Think of Part 1 as learning to drive — steering, braking, parking. This post is advanced driving — highway merging (Merge queries), lane switching (Append), U-turns (Pivot), and handling bad weather (Error Handling). Same car, same road, more complex maneuvers.
Table of Contents
- Merge Queries — Joining Two Tables
- The Six Join Types in Power Query
- Merge Step by Step
- Fuzzy Matching
- Append Queries — Stacking Tables
- Append Two Queries
- Append Three or More Queries
- Group By — Aggregation
- Pivot Column — Rows to Columns
- Unpivot Columns — Columns to Rows
- Conditional Column — CASE WHEN Without Code
- Custom Column — Calculated Fields with M Formulas
- Common M Formulas for Custom Columns
- Replace Errors — Handling Bad Data
- Data Profiling — Understanding Your Data Before Transforming
- Column Quality, Distribution, and Profile
- Combining Multiple Transformations — A Complete Example
- When Dataflow Gen2 Reaches Its Limits
- Common Mistakes
- Interview Questions
- Wrapping Up
Merge Queries — Joining Two Tables
Merge is Power Query’s equivalent of a SQL JOIN. You combine two tables based on a matching key.
BEFORE MERGE:
Customers table: Orders table:
| cust_id | name | | order_id | cust_id | amount |
|---------|---------| |----------|---------|--------|
| 1 | Naveen | | 101 | 1 | 999 |
| 2 | Shrey | | 102 | 2 | 29 |
| 3 | Vrushab | | 103 | 1 | 79 |
AFTER MERGE (Left Outer Join on cust_id):
| cust_id | name | order_id | amount |
|---------|---------|----------|--------|
| 1 | Naveen | 101 | 999 |
| 1 | Naveen | 103 | 79 |
| 2 | Shrey | 102 | 29 |
| 3 | Vrushab | null | null |
The Six Join Types in Power Query
| Power Query Name | SQL Equivalent | What It Returns |
|---|---|---|
| Left Outer | LEFT JOIN | All left rows + matching right rows |
| Right Outer | RIGHT JOIN | All right rows + matching left rows |
| Full Outer | FULL OUTER JOIN | All rows from both tables |
| Inner | INNER JOIN | Only rows that match in both tables |
| Left Anti | LEFT JOIN WHERE right IS NULL | Left rows with NO match in right |
| Right Anti | RIGHT JOIN WHERE left IS NULL | Right rows with NO match in left |
Merge Step by Step
- In your Dataflow Gen2, ensure BOTH queries (tables) are loaded in the Queries panel
- Select the primary query (e.g., Customers)
- Home tab → Merge queries → Merge queries as new (creates a new combined query)
- In the Merge dialog:
- Top table: Customers
- Bottom table: Orders
- Click the matching column in EACH table (cust_id in both)
- Join Kind: Left Outer (or whichever you need)
- Click OK
After merge, the Orders data appears as a collapsed table column (a single column containing a nested table).
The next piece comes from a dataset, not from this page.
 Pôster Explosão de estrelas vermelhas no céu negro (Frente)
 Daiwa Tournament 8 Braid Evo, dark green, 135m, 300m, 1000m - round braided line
You need to EXPAND it:
- Click the expand icon (↔) on the Orders column header
- Select which columns to expand (order_id, amount)
- Uncheck “Use original column name as prefix” (unless you want “Orders.amount”)
- Click OK
Now you have a flat, joined table.
Real-life analogy: Merge is like combining a class roster (names) with a grade sheet (scores). You match by student ID. After merging, each student row has their name AND their grades. The expand step is like “unfolding” the grade sheet columns next to the name.
Multi-Column Merge
To join on multiple columns (composite key):
- In the Merge dialog, Ctrl+click BOTH columns in the top table
- Ctrl+click the matching columns in the bottom table (in the same order)
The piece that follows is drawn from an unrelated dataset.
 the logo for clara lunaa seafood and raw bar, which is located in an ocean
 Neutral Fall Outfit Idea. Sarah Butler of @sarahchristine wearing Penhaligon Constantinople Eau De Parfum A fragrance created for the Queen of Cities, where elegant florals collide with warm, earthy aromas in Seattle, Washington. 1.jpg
- Power Query matches on the combination
Fuzzy Matching
For imperfect data (typos, different formats), Power Query offers fuzzy matching:
- In the Merge dialog, check Use fuzzy matching
- Set the Similarity threshold (0.0 to 1.0) — 0.8 means 80% similar
- Power Query matches “Naveen” with “naveen” or “Naveen V.” with “Naveen Vuppula”
Exact match: "Naveen Vuppula" ↔ "Naveen Vuppula" ✅
Fuzzy match: "Naveen Vuppula" ↔ "Naveen V." ✅ (at 0.7 threshold)
Fuzzy match: "Naveen Vuppula" ↔ "John Smith" ❌ (too different)
Use case: Matching customer names from two systems where spelling varies.
Append Queries — Stacking Tables
Append is Power Query’s equivalent of SQL UNION ALL. It stacks rows from multiple queries vertically.
BEFORE APPEND:
Jan_Sales: Feb_Sales:
| product | amount | | product | amount |
|---------|--------| |---------|--------|
| Laptop | 999 | | Mouse | 29 |
| Monitor | 399 | | Laptop | 999 |
AFTER APPEND:
| product | amount |
|---------|--------|
| Laptop | 999 | ← from Jan_Sales
| Monitor | 399 | ← from Jan_Sales
| Mouse | 29 | ← from Feb_Sales
| Laptop | 999 | ← from Feb_Sales
Append Two Queries
- Select the first query (Jan_Sales)
- Home tab → Append queries → Append queries as new
- Select the second query (Feb_Sales)
- Click OK
Append Three or More Queries
- Append queries as new
- Select Three or more tables
- Add all queries from the Available list to the Tables to append list
- Click OK
Rules: All queries must have the same column names and compatible types. If column names differ, rename them first. If one query has extra columns, they show as NULL in the other.
Group By — Aggregation
Group By is the Power Query equivalent of SQL GROUP BY with aggregate functions.
Step by Step
- Select your query
- Transform tab → Group By
- Choose Basic or Advanced
Basic Group By
Group by: department
New column name: employee_count
Operation: Count Rows
Result:
| department | employee_count |
|---|---|
| Engineering | 3 |
| Analytics | 3 |
| Sales | 4 |
Advanced Group By (Multiple Aggregations)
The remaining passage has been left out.